Requirement> The task for the listing below is to write out exactly the lines starting at the one containing "To do that, once" and ending at the one containing "Since the series", both included. Pictures are to be omitted.

Record excerpts>
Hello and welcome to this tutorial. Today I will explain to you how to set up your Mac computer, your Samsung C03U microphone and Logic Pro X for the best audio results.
* * *
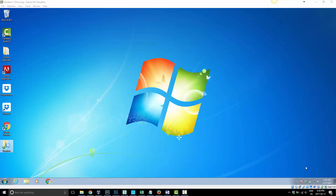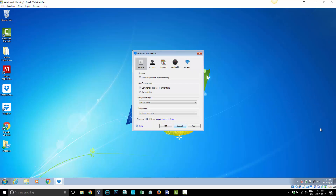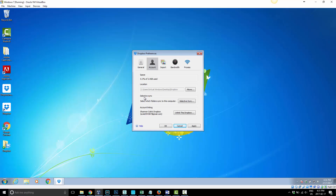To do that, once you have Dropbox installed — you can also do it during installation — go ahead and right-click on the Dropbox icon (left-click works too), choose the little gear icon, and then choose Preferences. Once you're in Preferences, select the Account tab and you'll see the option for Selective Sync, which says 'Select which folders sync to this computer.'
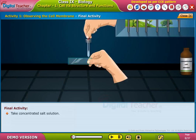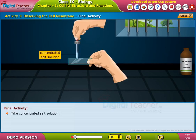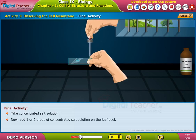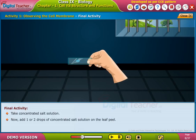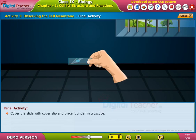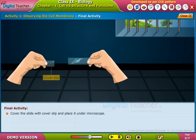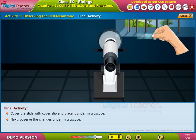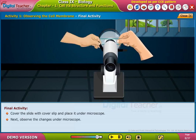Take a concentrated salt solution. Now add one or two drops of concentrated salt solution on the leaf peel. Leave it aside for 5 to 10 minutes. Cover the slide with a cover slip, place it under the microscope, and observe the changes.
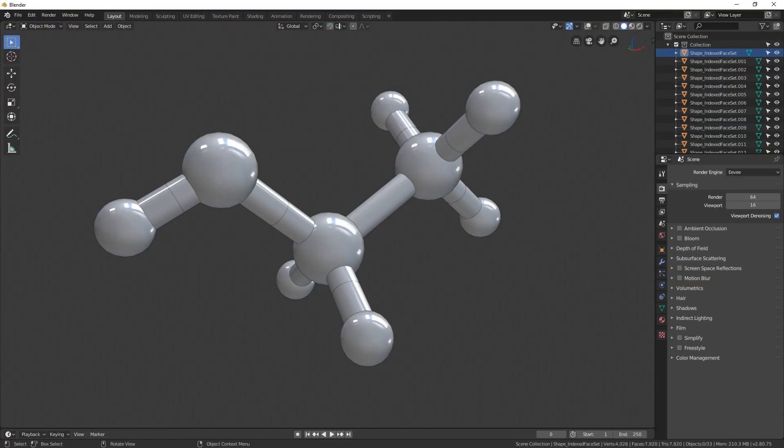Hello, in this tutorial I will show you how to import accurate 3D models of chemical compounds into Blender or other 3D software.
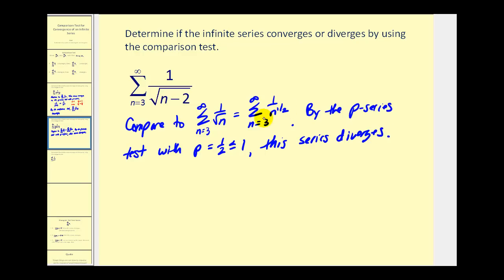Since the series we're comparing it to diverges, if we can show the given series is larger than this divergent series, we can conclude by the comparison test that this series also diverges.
--
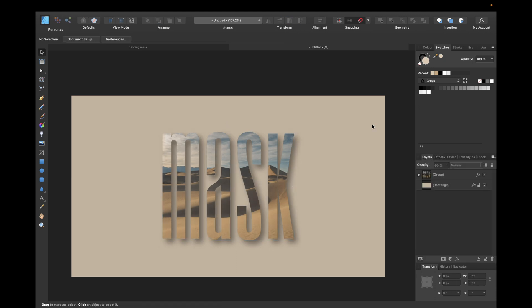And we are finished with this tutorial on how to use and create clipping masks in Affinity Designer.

Answer for this exercise>
To do that, once you have Dropbox installed — you can also do it during installation — go ahead and right-click on the Dropbox icon (left-click works too), choose the little gear icon, and then choose Preferences. Once you're in Preferences, select the Account tab and you'll see the option for Selective Sync, which says 'Select which folders sync to this computer.'
Take a concentrated salt solution. Now add one or two drops of concentrated salt solution on the leaf peel. Leave it aside for 5 to 10 minutes. Cover the slide with a cover slip, place it under the microscope, and observe the changes.
Hello, in this tutorial I will show you how to import accurate 3D models of chemical compounds into Blender or other 3D software.
Since the series we're comparing it to diverges, if we can show the given series is larger than this divergent series, we can conclude by the comparison test that this series also diverges.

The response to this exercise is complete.